Segera Anna mengganggukkan kepalanya, tanpa mengatakan apa-apa. Lalu Count segera membalikkan tubuhnya, dan berjalan meninggalkan ruangan itu, tanpa berkata apa-apa lagi. Melihat Count yang sudah pergi, membuat Anna menghela nafasnya, dengan sedikit lega. Lalu ia berjalan keluar dari ruangan itu, dan menuju sebuah kamar, yang dulu menjadi kamar tidurnya.
Setelah berada di dalam kamar itu, ia pun berjalan menuju jendela kamarnya, dan berdiri di dekat sana. Lalu ia menatap keluar, dan memegangi jeruji besi jendela itu.
"Apakah Gabriel, sudah menemui Axell?" batinnya.
Dan tiba-tiba, ia melihat titik-titik kecil, yang mengapung di cahaya bulan, dan ia yakin, kalau itu pastilah Gabriel, sehingga membuatnya menyunggingkan senyuman. Dengan perasaan yang sedikit senang, Anna pun terus memperhatikan titik-titik kecil itu, yang lama-lama berubah menjadi gumpalan. Dan dengan tak sabar, ia menunggu gumpalan itu, yang berubah menjadi Gabriel.
Beberapa saat kemudian, gumpalan itu telah berubah menjadi sosok seorang pria, dan ia memanglah Gabriel.
"Gabriel, cepatlah ke sini!" ujar Anna, sehingga membuat Gabriel segera menghampirinya, dan berdiri di luar jendela.
"Sepertinya kau sedang menunggu kedatangan ku, benar?" tanya Gabriel, sambil menatapnya dari luar jendela.
Segera Anna mengganggukkan kepalanya, dan berkata, "Benar sekali! Aku memang sedang menunggu kedatanganmu, karena aku ingin tahu, bagaimana keadaan kakakku".

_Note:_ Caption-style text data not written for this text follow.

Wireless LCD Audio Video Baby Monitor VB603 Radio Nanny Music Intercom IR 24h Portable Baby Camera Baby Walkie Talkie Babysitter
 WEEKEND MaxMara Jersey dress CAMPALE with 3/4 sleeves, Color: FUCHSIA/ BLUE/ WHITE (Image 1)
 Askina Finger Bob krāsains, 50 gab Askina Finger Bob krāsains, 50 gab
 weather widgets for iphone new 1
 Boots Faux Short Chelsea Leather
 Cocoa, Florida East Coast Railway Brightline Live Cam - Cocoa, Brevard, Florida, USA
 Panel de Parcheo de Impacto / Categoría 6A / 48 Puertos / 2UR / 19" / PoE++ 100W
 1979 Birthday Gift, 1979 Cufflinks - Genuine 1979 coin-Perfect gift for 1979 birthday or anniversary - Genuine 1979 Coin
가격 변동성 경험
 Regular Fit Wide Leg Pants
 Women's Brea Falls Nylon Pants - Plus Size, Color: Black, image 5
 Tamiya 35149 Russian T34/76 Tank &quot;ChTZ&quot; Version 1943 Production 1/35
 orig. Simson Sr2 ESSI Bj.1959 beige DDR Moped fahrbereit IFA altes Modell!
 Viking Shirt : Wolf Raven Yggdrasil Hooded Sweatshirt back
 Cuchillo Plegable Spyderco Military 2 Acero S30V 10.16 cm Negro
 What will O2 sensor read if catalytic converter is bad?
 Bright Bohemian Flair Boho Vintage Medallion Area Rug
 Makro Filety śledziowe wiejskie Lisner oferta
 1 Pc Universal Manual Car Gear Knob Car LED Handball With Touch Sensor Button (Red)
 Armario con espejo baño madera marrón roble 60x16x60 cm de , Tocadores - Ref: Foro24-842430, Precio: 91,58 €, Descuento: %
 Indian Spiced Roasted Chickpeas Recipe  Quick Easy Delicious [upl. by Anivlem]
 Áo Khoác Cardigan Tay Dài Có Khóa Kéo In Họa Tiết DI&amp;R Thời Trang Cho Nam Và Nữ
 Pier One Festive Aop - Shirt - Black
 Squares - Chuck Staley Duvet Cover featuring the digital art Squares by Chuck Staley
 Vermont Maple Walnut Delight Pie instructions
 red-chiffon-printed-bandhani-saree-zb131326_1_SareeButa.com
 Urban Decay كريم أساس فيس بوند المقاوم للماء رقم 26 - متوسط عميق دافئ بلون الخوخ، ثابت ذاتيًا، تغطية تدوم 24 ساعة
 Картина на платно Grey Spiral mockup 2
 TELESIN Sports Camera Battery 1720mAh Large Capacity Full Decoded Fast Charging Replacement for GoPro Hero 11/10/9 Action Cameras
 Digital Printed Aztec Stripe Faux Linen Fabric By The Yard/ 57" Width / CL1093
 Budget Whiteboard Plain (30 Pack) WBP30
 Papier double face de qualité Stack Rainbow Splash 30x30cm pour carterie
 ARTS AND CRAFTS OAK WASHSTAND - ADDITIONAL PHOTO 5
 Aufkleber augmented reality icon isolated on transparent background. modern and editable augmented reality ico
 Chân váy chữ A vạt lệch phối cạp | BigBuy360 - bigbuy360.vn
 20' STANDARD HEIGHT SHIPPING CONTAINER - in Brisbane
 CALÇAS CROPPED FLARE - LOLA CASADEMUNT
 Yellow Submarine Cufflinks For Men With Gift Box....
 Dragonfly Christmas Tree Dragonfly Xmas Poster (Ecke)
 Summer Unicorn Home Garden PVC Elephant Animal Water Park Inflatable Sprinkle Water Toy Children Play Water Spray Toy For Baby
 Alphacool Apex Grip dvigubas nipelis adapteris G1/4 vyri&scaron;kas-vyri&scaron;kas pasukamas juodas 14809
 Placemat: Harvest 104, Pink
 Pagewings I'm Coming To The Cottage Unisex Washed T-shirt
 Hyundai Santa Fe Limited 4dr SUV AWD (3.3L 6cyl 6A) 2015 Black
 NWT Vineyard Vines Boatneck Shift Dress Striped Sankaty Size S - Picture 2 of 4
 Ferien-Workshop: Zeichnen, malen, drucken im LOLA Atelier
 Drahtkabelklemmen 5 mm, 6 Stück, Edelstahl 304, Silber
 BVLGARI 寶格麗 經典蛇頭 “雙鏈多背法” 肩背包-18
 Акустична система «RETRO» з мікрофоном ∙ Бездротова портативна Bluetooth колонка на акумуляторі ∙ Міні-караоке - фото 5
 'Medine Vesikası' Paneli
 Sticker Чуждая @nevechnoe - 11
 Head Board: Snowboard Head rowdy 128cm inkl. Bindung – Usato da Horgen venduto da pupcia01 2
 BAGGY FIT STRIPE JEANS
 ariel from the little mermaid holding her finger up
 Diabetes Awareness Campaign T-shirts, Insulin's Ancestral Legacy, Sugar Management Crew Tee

Dengan berat, Gabriel menghela nafasnya, dan menundukkan kepalanya, sehingga membuat dahinya Anna jadi mengerut, "Kondisi kakakmu, membuatku jadi merasa begitu kasihan padanya" katanya.
"Maksudmu?" tanya Anna, dengan jantung yang mulai berdegup, dengan kencang.
Gabriel pun kembali menghela nafasnya, dan mengangkat kepalanya, "Sebenarnya, kakakmu akan tetap mati, walaupun Count tidak membunuhnya. Apalagi jika melihat kondisinya saat ini" jawabnya.
"Memangnya, bagaimana kondisi kakakku? Tolong beritahu aku!" ucap Anna, dengan nada bicara, yang sedikit lebih tinggi.
Namun Gabriel malah kembali menghela nafasnya, dan membalikkan tubuhnya, lalu ia berkata, "Kondisi kakakmu saat ini, cukup buruk. Tubuhnya jadi kurus, di kedua matanya terdapat lingkaran hitam, dan juga ia terlihat begitu frustasi, bahkan ia terus-menerus menyalahkan dirinya, atas hilangnya dirimu".
Mendengar apa yang baru saja Gabriel katakan, membuat raut wajahnya Anna langsung berubah, menjadi murung. Ia tak menyangka, karena ulahnya, kakaknya jadi seperti itu.
"Kasihan sekali Axell, dan ini semua memang salahku. Kalau saja aku tak pernah datang ke sini, maka saat ini, ia tak akan jadi seperti itu" katanya.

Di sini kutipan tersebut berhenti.